● DATA FOR ANALYSIS
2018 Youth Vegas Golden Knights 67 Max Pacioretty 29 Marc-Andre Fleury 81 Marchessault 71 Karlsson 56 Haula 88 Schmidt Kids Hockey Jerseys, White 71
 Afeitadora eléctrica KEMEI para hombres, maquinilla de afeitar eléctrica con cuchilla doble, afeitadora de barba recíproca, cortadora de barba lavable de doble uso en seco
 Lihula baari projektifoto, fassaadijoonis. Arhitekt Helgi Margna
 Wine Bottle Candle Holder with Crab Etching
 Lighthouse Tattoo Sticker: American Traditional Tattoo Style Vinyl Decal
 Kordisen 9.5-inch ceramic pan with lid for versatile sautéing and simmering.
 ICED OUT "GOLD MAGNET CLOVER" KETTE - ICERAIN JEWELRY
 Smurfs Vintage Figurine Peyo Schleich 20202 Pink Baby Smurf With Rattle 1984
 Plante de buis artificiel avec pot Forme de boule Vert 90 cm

● EXERCISE
In the listing above, find the line with "Lighthouse Tattoo Sticker: American" and the line with "- ICERAIN JEWELRY"; output exactly those lines and all lines between them.

● ANSWER TO THIS PROBLEM
 Lighthouse Tattoo Sticker: American Traditional Tattoo Style Vinyl Decal
 Kordisen 9.5-inch ceramic pan with lid for versatile sautéing and simmering.
 ICED OUT "GOLD MAGNET CLOVER" KETTE - ICERAIN JEWELRY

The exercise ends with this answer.